Ego-State-Therapie des traumatisierten Selbst

Leben lernen Band 202

Traumatisierte Menschen fühlen sich in viel stärkerem Maße als andere als »multiple« Persönlichkeiten. Ihr Selbst zerfällt - bewusst oder unbewusst - in die unterschiedlichsten Teile. Wie mit den Selbstanteilen psychotherapeutisch wirksam gearbeitet werden kann, zeigt dieser praxiserprobte und innovative Ansatz.
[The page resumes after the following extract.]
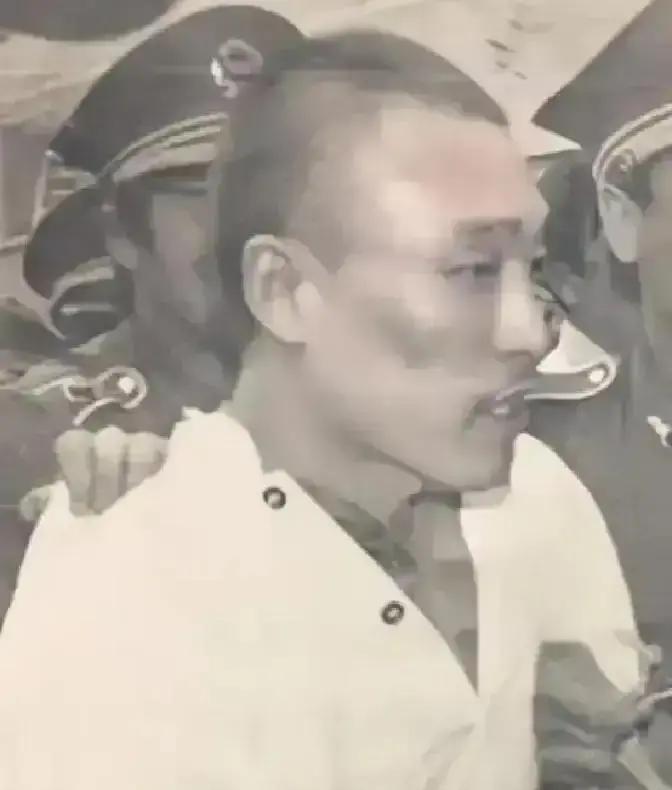 1985年，“山西贼王”王彦青即将被执行死刑，绝望之际，他提出用开锁绝技换命，警方竟然同意了，谁能想到，这却因此葬送了16条人命。
改判死缓的第二天，王彦青被带进一间单独的审讯室。桌上摊着几张保险柜的剖面图纸。
“这是市里三家银行明年要换的新型号，”一位公安领导敲了敲图纸，“你把可能的漏洞都标出来，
Wer oder was ist das »Ich«? Diese Frage beschäftigt nicht nur Philosophen, sondern auch die Seelenärzte und Psychotherapeuten seit Sigmund Freud. Eine therapeutisch fruchtbare Antwort haben die amerikanischen Psychologen Helen und John Watkins gefunden: Das »Ich« ist keine Einheit, es besteht vielmehr aus Teilen.
Komplex traumatisierte Patienten machen diese Erfahrung des geteilten Selbst in radikaler Weise. Ihr Ich zerfällt häufig geradezu in die unterschiedlichsten Teilpersönlichkeiten. Täterintrojekte stehen neben dem verletzten kleinen Kind, Helferpersönlichkeiten koexistieren mit Opferanteilen. Der Autor zeigt an konkreten Beispielen aus der psychotherapeutischen Praxis, wie mit den unterschiedlichen Anteilen traumatisierter Patienten gearbeitet werden kann. Am Ende einer gelungenen Behandlung wird ein besser integriertes und damit gestärktes Selbst stehen, das schlimme Erfahrungen aus der Vergangenheit lebensgeschichtlich einordnen kann.
Rezension
"Die reichhaltige Erfahrung Peichls lässt uns Einblick geben in die tägliche Arbeit mit Traumatisierten und nimmt uns mit auf eine Reise hin zur Stabilisierung."
Lisa Tomaschek-Habrina, origo.at, Oktober 2014

"In erster Linie richtet sich dieses Buch an PsychotherapeutInnen, ist aber auch für Betroffene in psychoedukativer Hinsicht interessant."
Anne Mühlbauer, Traumzone, 26.10.2010
Portrait
Jochen Peichl, Dr. med., ist Oberarzt der Klinik für Psychotherapie und Psychosomatik am Klinikum Nürnberg; Weiterbildung u. a. in Traumazentrierter Psychotherapie und Ego-State-Therapie; aktuelle Arbeitsschwerpunkte in Theorie und Praxis: Borderline -Störungen, Trauma-assoziierte und dissoziative Störungen.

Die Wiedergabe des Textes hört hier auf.